Theologisch geredet - man hoere zu, denn ich rede selten als Theologe
- war es Gott selber, der sich als Schlange am Ende seines Tagewerks
unter den Baum der Erkenntniss legte: er erholte sich so davon, Gott
zu sein... Er hatte Alles zu schoen gemacht... Der Teufel ist bloss
der Muessiggang Gottes an jedem siebenten Tage...
Genealogie der Moral.
Eine Streitschrift.
Die drei Abhandlungen, aus denen diese Genealogie besteht, sind
vielleicht in Hinsicht auf Ausdruck, Absicht und Kunst der
Ueberraschung, das Unheimlichste, was bisher geschrieben worden ist.
Dionysos ist, man weiss es, auch der Gott der Finsterniss. - Jedes Mal
ein Anfang, der irre fuehren soll, kuehl, wissenschaftlich, ironisch
selbst, absichtlich Vordergrund, absichtlich hinhaltend. Allmaehlich
mehr Unruhe; vereinzeltes Wetterleuchten; sehr unangenehme Wahrheiten
aus der Ferne her mit dumpfem Gebrumm laut werdend, - bis endlich ein
tempo feroce erreicht ist, wo Alles mit ungeheurer Spannung vorwaerts
treibt. Am Schluss jedes Mal, unter vollkommen schauerlichen
Detonationen, eine neue Wahrheit zwischen dicken Wolken sichtbar.

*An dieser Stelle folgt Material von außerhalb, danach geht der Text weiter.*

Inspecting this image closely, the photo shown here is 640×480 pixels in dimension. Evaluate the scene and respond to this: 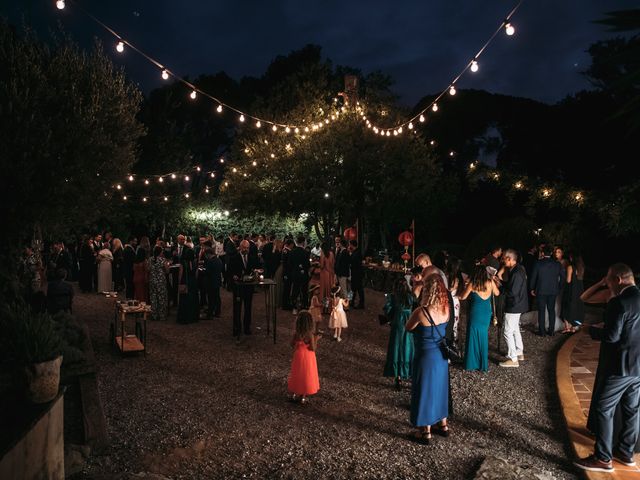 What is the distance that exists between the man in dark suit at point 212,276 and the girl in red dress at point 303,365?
5.21 metres

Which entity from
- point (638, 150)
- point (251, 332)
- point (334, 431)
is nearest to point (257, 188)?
point (251, 332)

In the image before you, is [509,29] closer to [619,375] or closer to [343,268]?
[619,375]

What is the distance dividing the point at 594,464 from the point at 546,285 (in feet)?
19.0

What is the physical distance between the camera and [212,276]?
11320mm

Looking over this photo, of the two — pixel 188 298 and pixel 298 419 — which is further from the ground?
pixel 188 298

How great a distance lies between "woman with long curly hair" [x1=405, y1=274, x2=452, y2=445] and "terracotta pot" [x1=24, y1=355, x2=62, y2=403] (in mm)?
3196

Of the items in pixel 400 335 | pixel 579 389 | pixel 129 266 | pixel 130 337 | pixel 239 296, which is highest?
pixel 129 266

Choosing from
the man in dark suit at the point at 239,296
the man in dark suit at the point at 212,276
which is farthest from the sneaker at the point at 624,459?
the man in dark suit at the point at 212,276

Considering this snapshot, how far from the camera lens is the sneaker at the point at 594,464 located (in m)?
4.53


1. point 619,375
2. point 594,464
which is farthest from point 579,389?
point 619,375

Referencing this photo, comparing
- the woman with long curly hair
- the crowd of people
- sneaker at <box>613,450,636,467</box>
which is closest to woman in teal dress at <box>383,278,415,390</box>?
the crowd of people

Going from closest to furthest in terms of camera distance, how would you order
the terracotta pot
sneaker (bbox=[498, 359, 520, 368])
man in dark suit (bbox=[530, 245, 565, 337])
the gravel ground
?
the terracotta pot < the gravel ground < sneaker (bbox=[498, 359, 520, 368]) < man in dark suit (bbox=[530, 245, 565, 337])

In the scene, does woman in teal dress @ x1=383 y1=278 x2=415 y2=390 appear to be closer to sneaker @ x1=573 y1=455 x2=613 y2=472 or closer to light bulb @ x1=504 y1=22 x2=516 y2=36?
sneaker @ x1=573 y1=455 x2=613 y2=472

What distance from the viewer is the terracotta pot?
4.06 m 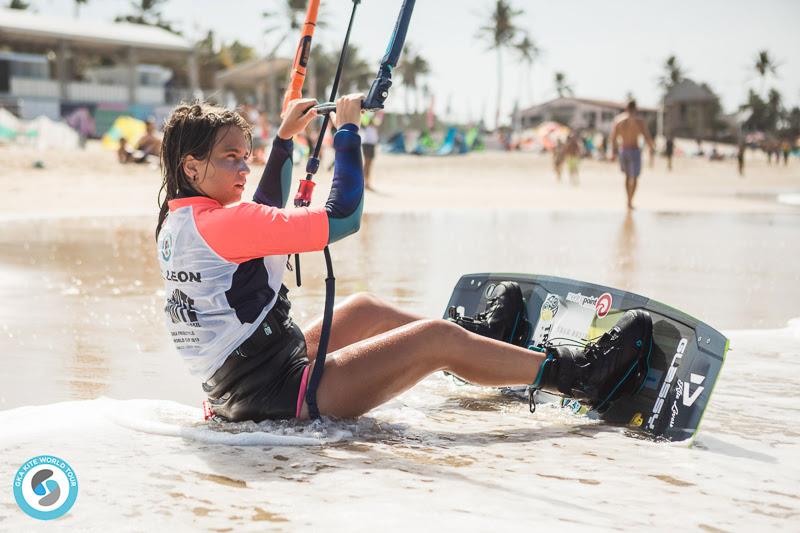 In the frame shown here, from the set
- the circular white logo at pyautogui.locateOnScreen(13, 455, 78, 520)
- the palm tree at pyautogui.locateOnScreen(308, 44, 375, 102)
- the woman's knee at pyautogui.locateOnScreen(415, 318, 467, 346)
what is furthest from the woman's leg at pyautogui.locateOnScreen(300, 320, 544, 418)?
the palm tree at pyautogui.locateOnScreen(308, 44, 375, 102)

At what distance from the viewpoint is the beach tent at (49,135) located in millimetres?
26711

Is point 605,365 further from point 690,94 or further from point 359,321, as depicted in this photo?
point 690,94

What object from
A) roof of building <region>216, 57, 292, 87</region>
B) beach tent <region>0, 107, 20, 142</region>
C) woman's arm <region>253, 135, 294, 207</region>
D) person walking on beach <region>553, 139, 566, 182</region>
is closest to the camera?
woman's arm <region>253, 135, 294, 207</region>

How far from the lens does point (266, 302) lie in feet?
10.4

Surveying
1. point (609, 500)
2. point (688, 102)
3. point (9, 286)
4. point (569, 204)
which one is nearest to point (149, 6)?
point (688, 102)

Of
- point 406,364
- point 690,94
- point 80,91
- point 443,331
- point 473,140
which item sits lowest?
point 406,364

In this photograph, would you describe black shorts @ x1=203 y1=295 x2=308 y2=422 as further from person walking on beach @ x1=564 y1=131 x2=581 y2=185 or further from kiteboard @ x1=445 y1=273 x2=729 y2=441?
A: person walking on beach @ x1=564 y1=131 x2=581 y2=185

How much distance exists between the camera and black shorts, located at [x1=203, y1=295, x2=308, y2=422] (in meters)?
3.16

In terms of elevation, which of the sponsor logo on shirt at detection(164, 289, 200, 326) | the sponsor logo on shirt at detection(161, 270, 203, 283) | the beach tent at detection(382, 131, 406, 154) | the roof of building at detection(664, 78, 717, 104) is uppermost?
the roof of building at detection(664, 78, 717, 104)

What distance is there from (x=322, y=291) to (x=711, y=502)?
14.4 feet

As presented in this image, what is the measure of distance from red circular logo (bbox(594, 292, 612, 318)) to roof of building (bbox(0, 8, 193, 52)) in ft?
113

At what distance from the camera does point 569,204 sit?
17.8m

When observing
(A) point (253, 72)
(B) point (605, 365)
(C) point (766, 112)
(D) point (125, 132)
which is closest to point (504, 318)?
(B) point (605, 365)

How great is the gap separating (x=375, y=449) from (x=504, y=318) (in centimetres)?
111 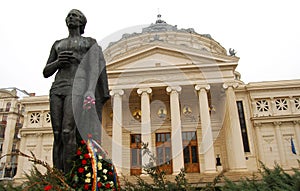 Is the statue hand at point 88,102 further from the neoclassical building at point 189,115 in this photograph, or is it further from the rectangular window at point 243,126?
the rectangular window at point 243,126

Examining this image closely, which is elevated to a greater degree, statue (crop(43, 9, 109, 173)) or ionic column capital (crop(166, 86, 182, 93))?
ionic column capital (crop(166, 86, 182, 93))

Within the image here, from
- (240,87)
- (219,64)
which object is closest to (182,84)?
(219,64)

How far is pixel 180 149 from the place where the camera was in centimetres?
2362

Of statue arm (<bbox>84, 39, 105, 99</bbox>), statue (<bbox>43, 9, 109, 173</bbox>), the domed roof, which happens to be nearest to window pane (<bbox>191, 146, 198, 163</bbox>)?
the domed roof

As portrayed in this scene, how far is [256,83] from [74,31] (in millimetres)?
29272

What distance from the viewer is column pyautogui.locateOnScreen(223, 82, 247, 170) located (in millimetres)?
22953

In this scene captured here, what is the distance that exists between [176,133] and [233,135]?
5.20m

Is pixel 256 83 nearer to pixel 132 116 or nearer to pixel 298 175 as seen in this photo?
pixel 132 116

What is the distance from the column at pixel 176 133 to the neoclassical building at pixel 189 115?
0.29 feet

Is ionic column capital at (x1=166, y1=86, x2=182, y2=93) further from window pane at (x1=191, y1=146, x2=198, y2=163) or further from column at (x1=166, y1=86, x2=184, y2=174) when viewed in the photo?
window pane at (x1=191, y1=146, x2=198, y2=163)

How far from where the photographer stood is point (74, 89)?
15.4 ft

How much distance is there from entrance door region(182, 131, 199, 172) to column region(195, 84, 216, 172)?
3024 millimetres

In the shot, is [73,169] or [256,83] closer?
[73,169]

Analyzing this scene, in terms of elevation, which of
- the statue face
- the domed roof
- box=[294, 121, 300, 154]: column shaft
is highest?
the domed roof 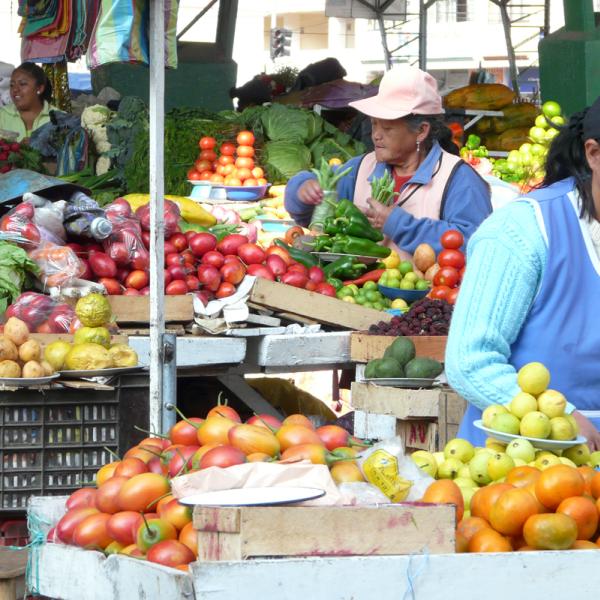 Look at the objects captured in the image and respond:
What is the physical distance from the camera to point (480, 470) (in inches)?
104

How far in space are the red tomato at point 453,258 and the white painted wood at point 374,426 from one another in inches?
41.0

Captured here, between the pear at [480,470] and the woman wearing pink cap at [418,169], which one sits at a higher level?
the woman wearing pink cap at [418,169]

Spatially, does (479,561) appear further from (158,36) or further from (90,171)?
(90,171)

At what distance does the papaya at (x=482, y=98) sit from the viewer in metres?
11.6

- Die Wahrheit der ersten Abhandlung ist die Psychologie des
Christenthums: die Geburt des Christenthums aus dem Geiste des
Ressentiment, nicht, wie wohl geglaubt, wird, aus dem "Geiste",
- eine Gegenbewegung ihrem Wesen nach, der grosse Aufstand gegen
die Herrschaft vornehmer Werthe. Die zweite Abhandlung giebt die
Psychologie des Gewissens: dasselbe ist nicht, wie wohl geglaubt
wird, "die Stimme Gottes im Menschen", - es ist der Instinkt der
Grausamkeit, der sich rueckwaerts wendet, nachdem er nicht mehr nach
aussen hin sich entladen kann. Die Grausamkeit als einer der aeltesten
und unwegdenkbarsten Cultur-Untergruende hier zum ersten Male ans
Licht gebracht. Die dritte Abhandlung giebt die Antwort auf die Frage,
woher die ungeheure Macht des asketischen Ideals, des Priester-Ideals,
stammt, obwohl dasselbe das schaedliche Ideal par excellence, ein
Wille zum Ende, ein decadence-Ideal ist. Antwort: nicht, weil Gott
hinter den Priestern thaetig ist, was wohl geglaubt wird, sondern
faute de mieux, - weil es das einzige Ideal bisher war, weil es keinen
Concurrenten hatte. "Denn der Mensch will lieber noch das Nichts
wollen als nicht wollen"... Vor allem fehlte ein Gegen-Ideal - bis auf
Zarathustra. - Man hat mich verstanden. Drei entscheidende Vorarbeiten
eines Psychologen fuer eine Umwerthung aller Werthe. - Dies Buch
enthaelt die erste Psychologie des Priesters.